Esta semana la presidenta Claudia Sheinbaum encabezó, por primera vez, la reunión del Consejo Nacional de Seguridad Pública. A su lado, como en procesión obligada, estuvieron los gobernadores de todos los estados, los jefes del Gabinete de Seguridad, y varios que solo fueron a tomarse la selfie institucional. Ya saben, por aquello del “yo estuve ahí”.
El evento fue solemne y productivo: se firmaron dos acuerdos nacionales —uno para fortalecer las instituciones de seguridad pública y otro para la búsqueda de personas desaparecidas—, se detallaron plazos, metas y protocolos. Incluso hubo promesas de armonizar leyes, de certificar academias, de fortalecer fiscalías, de entrenar policías, de digitalizar denuncias y, cómo no, de profesionalizar hasta al último burócrata armado. Todo medido, calendarizado y con etiquetas de prioridad nacional.
Vaya, hasta un modelo de denuncia anónima desde el 089 tendrá protocolo de eficiencia.
¿El detalle? México ya tiene experiencia en este tipo de “pactos de país”. Se anuncian con bombo y platillo, se presumen como hitos históricos, pero cuando se apagan las cámaras… todo regresa a la normalidad. A la impunidad, a la burocracia desmemoriada y a la violencia cotidiana.
Una de las joyas del nuevo acuerdo es el compromiso de aumentar en 25% el estado de fuerza de las policías estatales y de investigación de aquí al 2029. Suena ambicioso, pero habría que recordar que muchas de esas corporaciones ni siquiera tienen gasolina para patrullar.
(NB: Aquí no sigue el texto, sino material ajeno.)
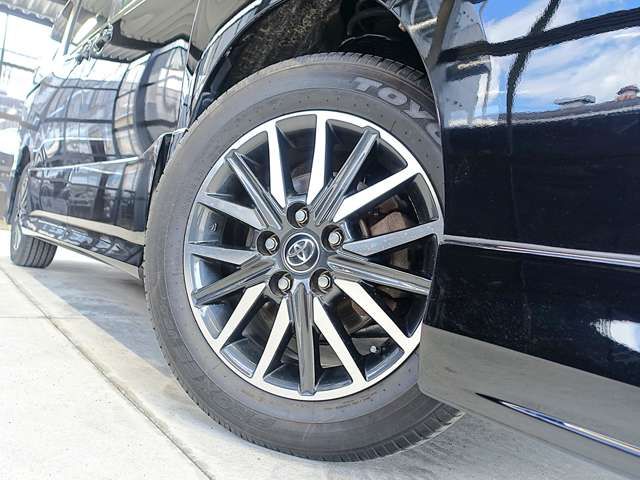 TOYOTA VOXY 2014 Image 31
Menos aún para crecer.
En papel todo suena espectacular: reclutamientos masivos, academias renovadas, capacitación en inteligencia e investigación. ¿Y en la práctica? Bueno, eso lo decidirá el presupuesto. Porque ya vimos cómo terminó el último intento de profesionalización: con ex militares mal pagados y policías municipales convertidos en agentes de tránsito con arma corta.
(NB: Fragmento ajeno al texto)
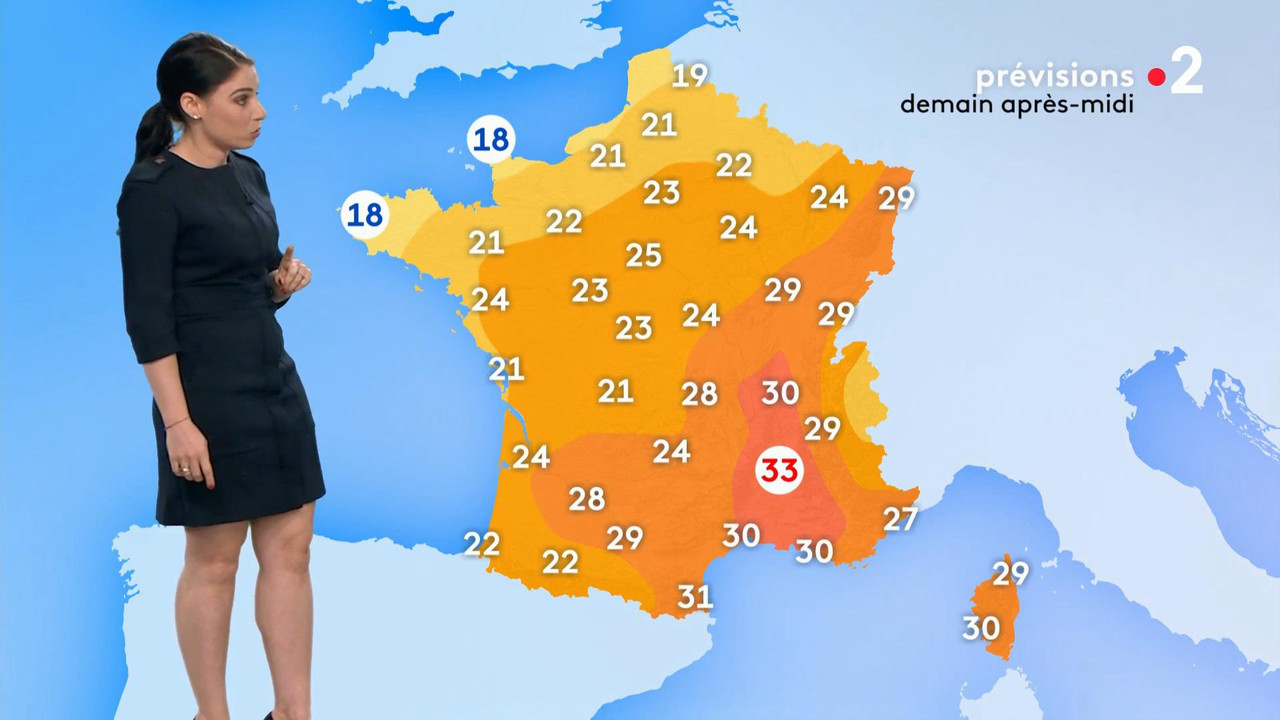 Virginie Hilssone 2020-07-09.mp4_snapshot_01.54_[2020.08.21_00.44.46]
El segundo acuerdo se enfoca en uno de los dolores más profundos del país: los desaparecidos. Se crearán fiscalías especializadas, se modernizará la base de datos genética, se aplicarán protocolos de recuperación forense y se capacitará personal pericial. Todo suena muy técnico, muy preciso.
Pero ni los datos forenses ni los cuerpos identificados podrán revivir a los muertos. El problema no es la falta de estructura: es el abandono, el silencio institucional, el miedo que todavía paraliza a muchas fiscalías estatales cuando el crimen organizado les manda recado.
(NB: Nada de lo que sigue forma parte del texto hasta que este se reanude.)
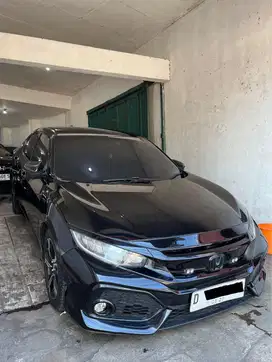 Honda Civic Hatchback 1.5 E CVT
Aun así, el acuerdo se firma. Y con él, la esperanza reciclada de miles de familias que llevan años buscando a sus hijos, padres, hermanos.
Otro eje central fue la extorsión. Ya no se puede ocultar: se volvió epidemia. Desde la señora que vende tacos en esquina hasta la empresa mediana que ya presupuestó la “cuota” del mes. Y el Estado, con toda su fuerza, apenas empieza a reaccionar.
Se promete una ley general, una reforma constitucional y fiscalías especializadas. ¿El resultado esperado? Investigar de oficio, tipificar adecuadamente y unir esfuerzos de todos los niveles. Lo curioso es que muchas de esas medidas ya estaban contempladas en estrategias anteriores. Pero nadie las quiso aplicar. Porque implicaba tocar intereses muy particulares. De esos que huelen a dinero sucio y protección oficial.
Mientras el gobierno federal presume reformas y acuerdos, en los estados la realidad tiene otro guion. Los narcos siguen disparando a plena luz del día y enterrando cadáveres en fosas que las madres buscadoras encuentran sin ayuda de las autoridades. Pero eso no salió en la minuta del Consejo Nacional de Seguridad Pública. Ni se mencionó en los discursos de Claudia ni del gabinete.
Porque una cosa es firmar compromisos desde Palacio Nacional. Y otra muy distinta cumplirlos en el desierto, en la sierra o en los barrios donde la ley no se atreve a entrar.
Pero no nos pongamos trágicos. El acuerdo fue histórico. Lo dijo la presidenta. Y si ella lo dice… ¿quién se atreve a contradecirla?